Problem:
Repeat word for word the lines from the top of the records through the line containing "A woman beekeeper", and skip the pictures.
'''
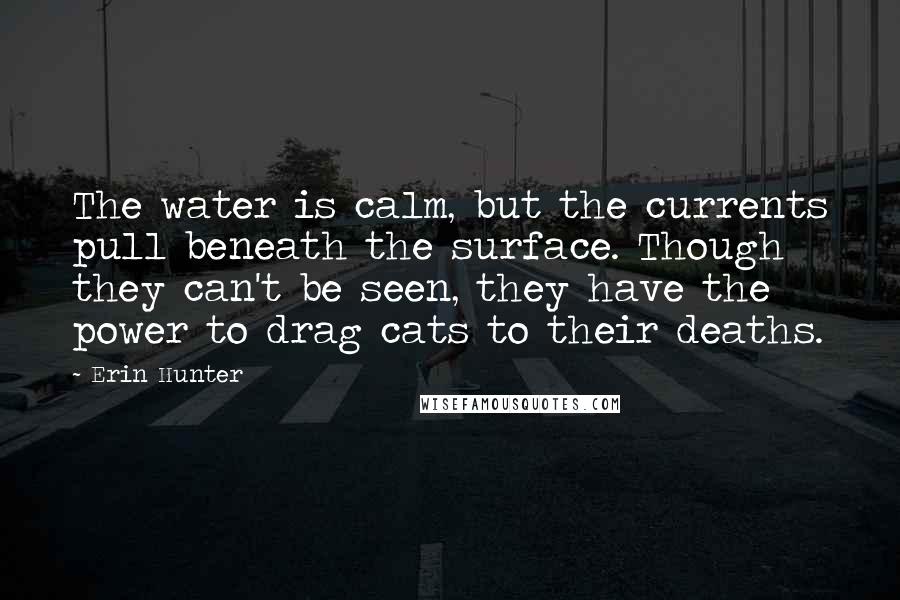 Erin Hunter Quotes: The water is calm, but the currents pull beneath the surface. Though they can't be seen, they have the power to drag cats to their deaths.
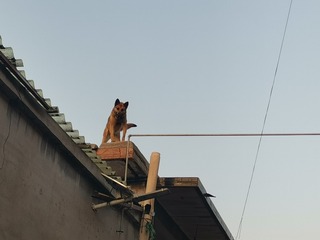 178092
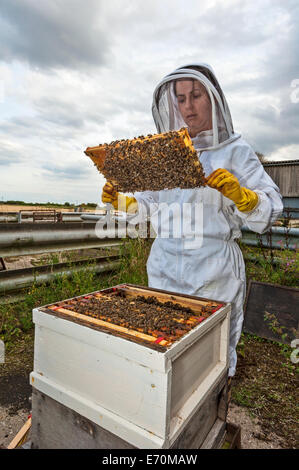 A woman beekeeper checking a frame from the brood box of her beehive, to check on the health of the colony and the queen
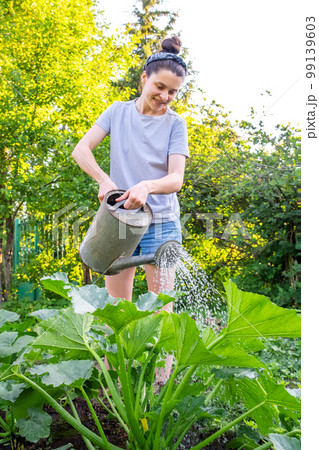 Gardening agriculture concept. Woman gardener farm worker holding watering can and watering irrigating plant. Girl gardening in garden. Home grown organic food. Local garden produce clean vegetables Gardening agriculture concept. Woman gardener farm worker holding watering can and watering irrigating plant. Girl gardening in garden. Home grown organic food. Local garden produce clean vegetables 99139603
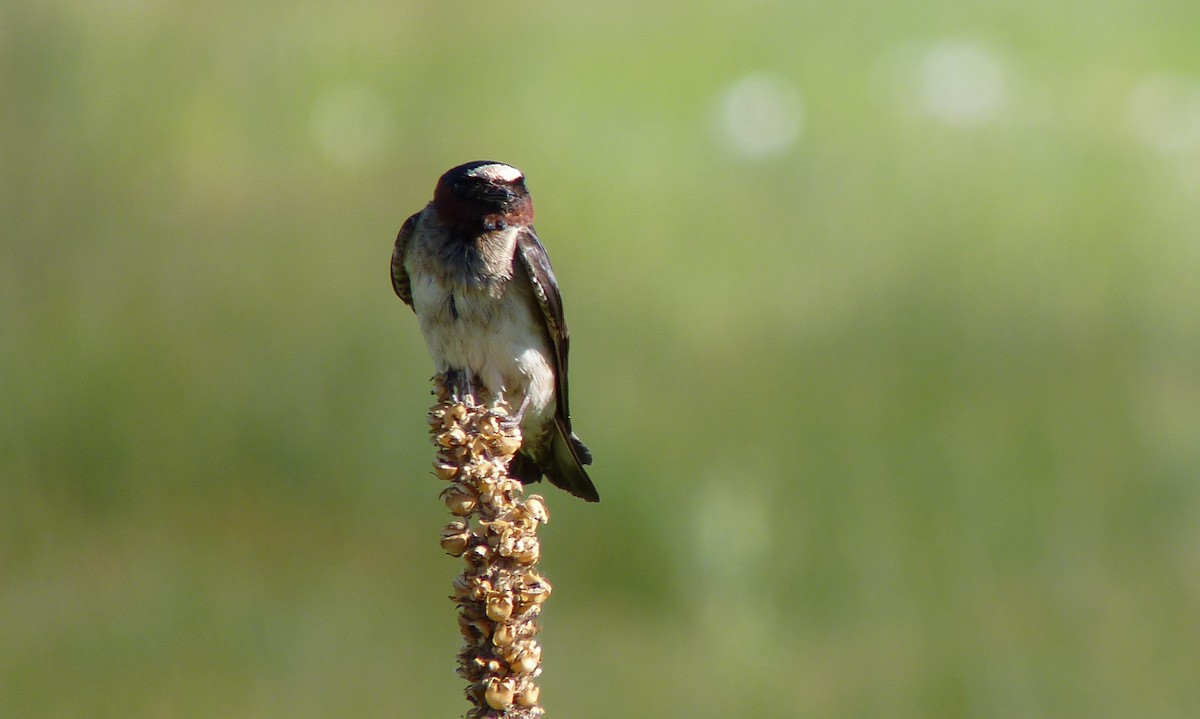 Cliff Swallow - ML30426921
'''
Answer to this exercise:
 Erin Hunter Quotes: The water is calm, but the currents pull beneath the surface. Though they can't be seen, they have the power to drag cats to their deaths.
 178092
 A woman beekeeper checking a frame from the brood box of her beehive, to check on the health of the colony and the queen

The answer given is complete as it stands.